__What is required__
Copy out the full listing below as it stands, with its pictures left behind.

++++ Given material

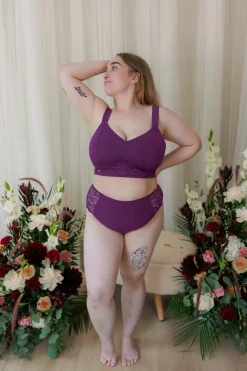 Amanda Big Cup BH -*Careless Outlet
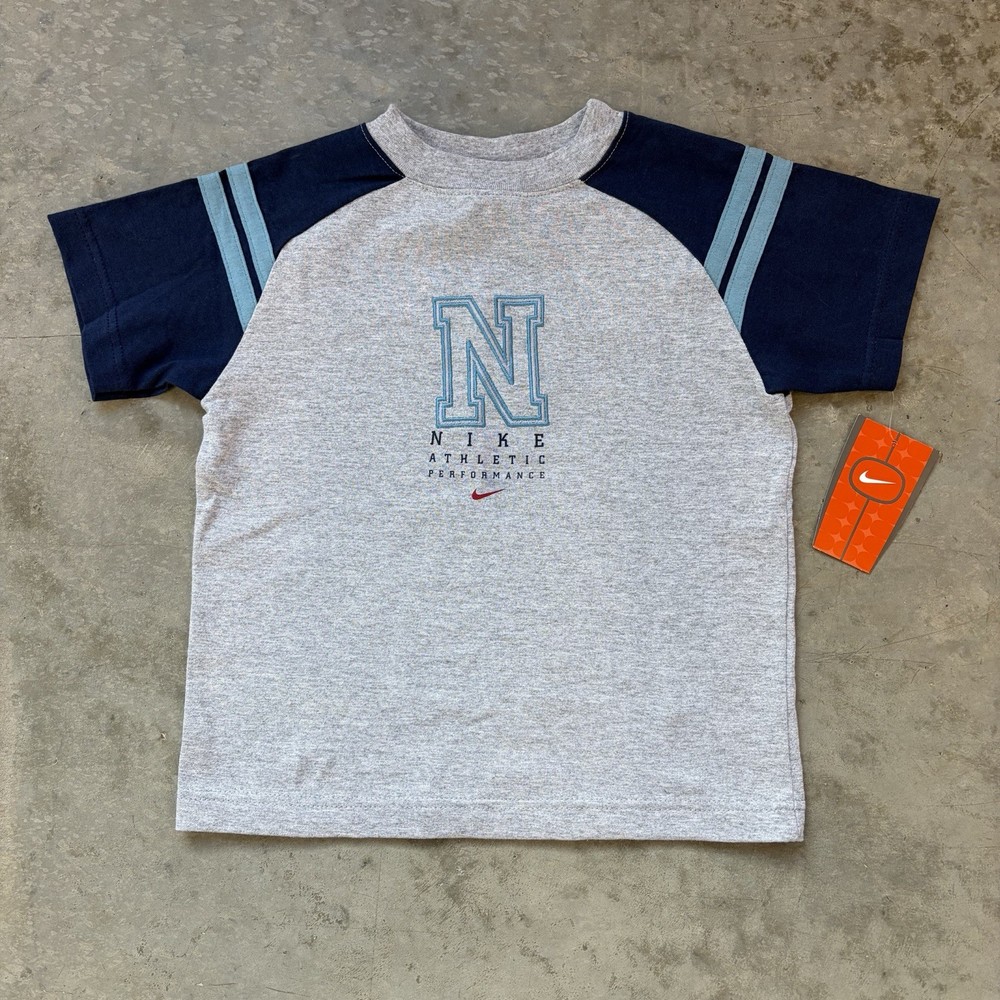 NEW Vintage 90s Nike Center Swoosh Embroidered Logo T-Shirt Boy’s Size Medium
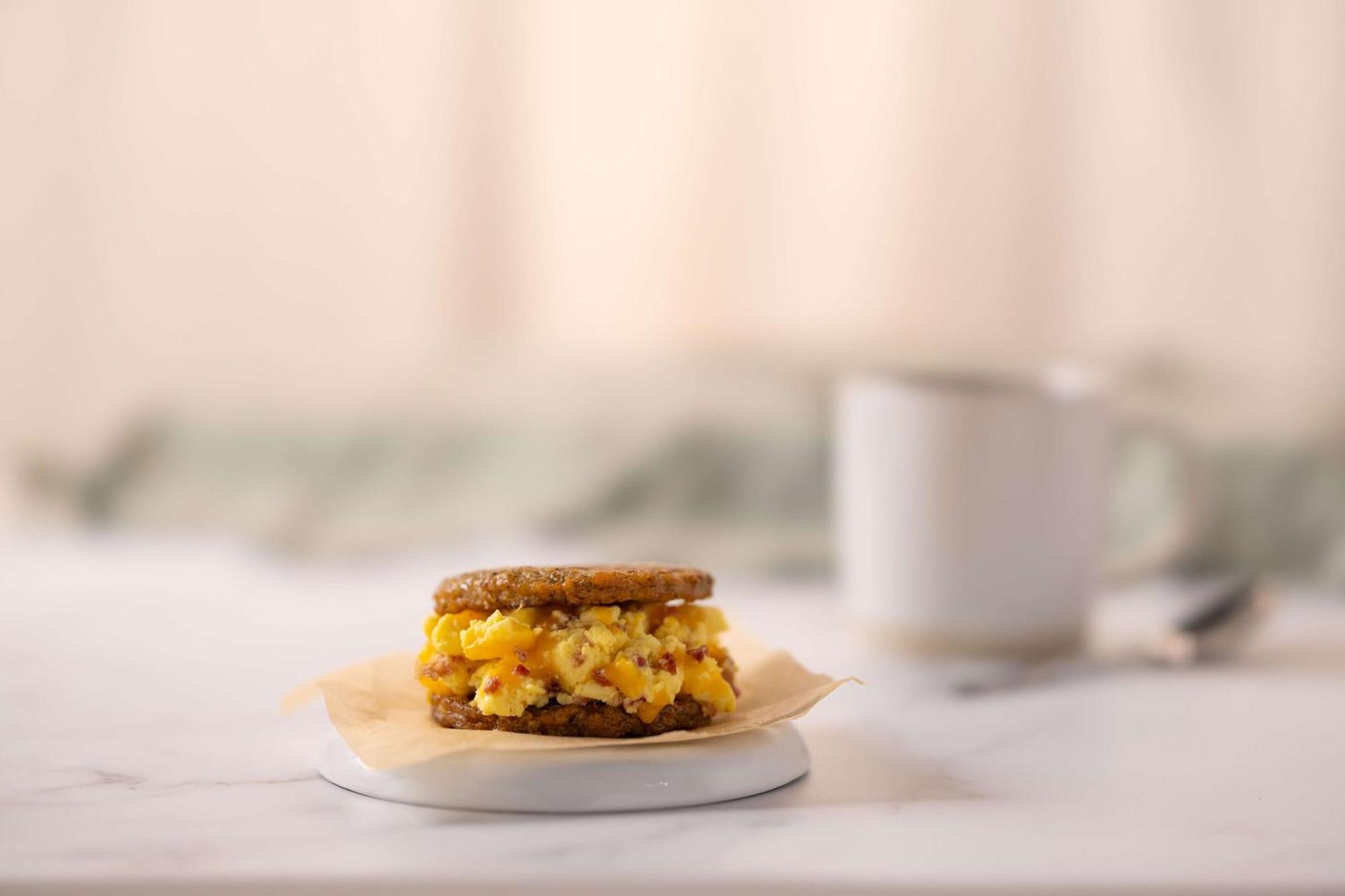 Drury Inn & Suites Orlando Near Universal Orlando Resort Екстериор снимка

++++++++

__Answer space__
 Amanda Big Cup BH -*Careless Outlet
 NEW Vintage 90s Nike Center Swoosh Embroidered Logo T-Shirt Boy’s Size Medium
 Drury Inn & Suites Orlando Near Universal Orlando Resort Екстериор снимка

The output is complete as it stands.